TASK STATEMENT
What you return should be the exact lines from the one with "Imagen de portada para The Peshawar Lancers" to the end of the records below, both included, and no pictures.

*** Opening SOURCE DATA ***

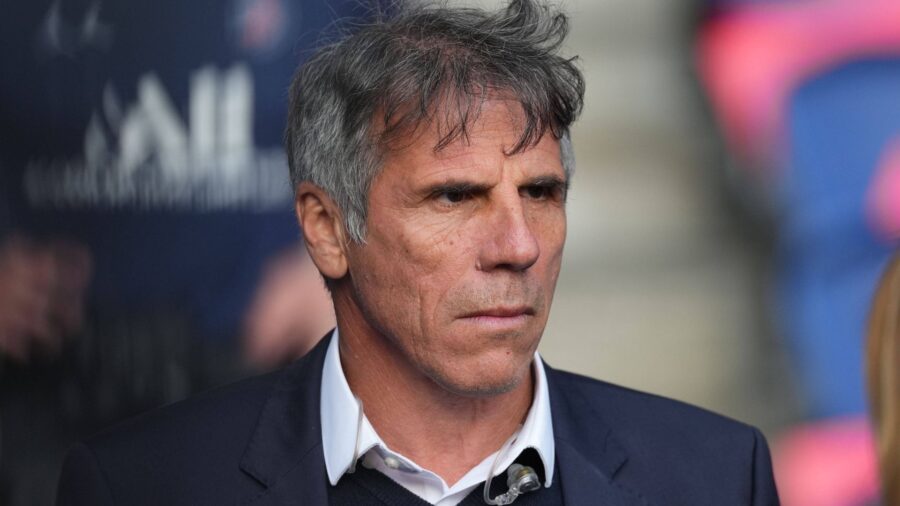 Zola napoli de bruyne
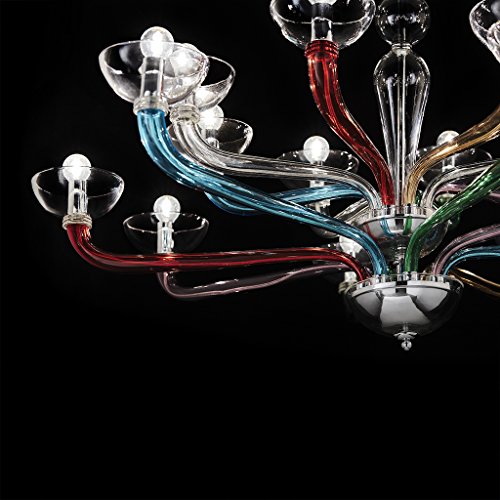 Preisvergleich Produktbild CASANOVA AP2 WEISS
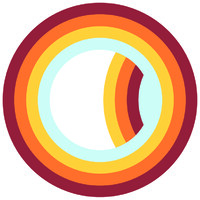 Stichting Ushersyndroom Logo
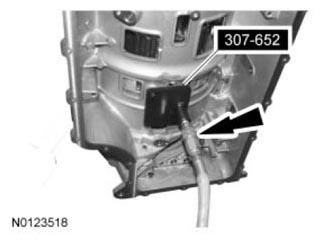 G07483307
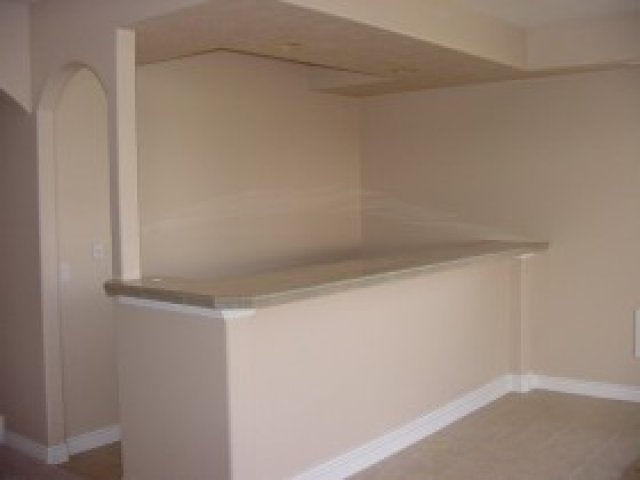 2515 S 1300 W, Syracuse, UT 84075 — photo 6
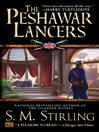 Imagen de portada para The Peshawar Lancers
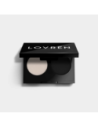 LOVREN OMBRETTO SMOKEY EYES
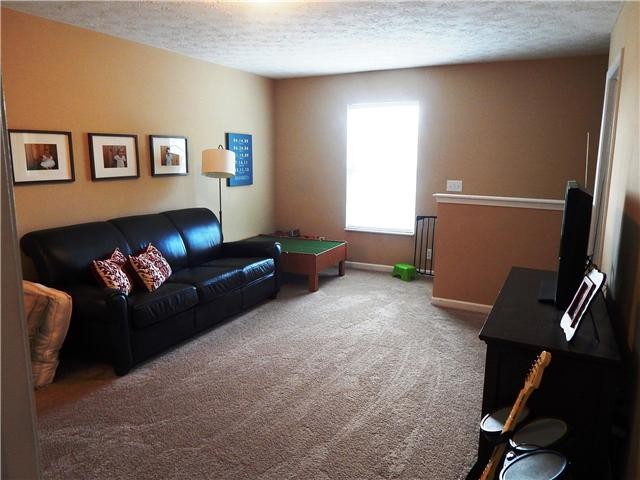 3953 Stephens Ridge Way Antioch, TN 37013 - Photo 11 of 13 a living room with furniture and a window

*** Closing SOURCE DATA ***

REPLY
 Imagen de portada para The Peshawar Lancers
 LOVREN OMBRETTO SMOKEY EYES
 3953 Stephens Ridge Way Antioch, TN 37013 - Photo 11 of 13 a living room with furniture and a window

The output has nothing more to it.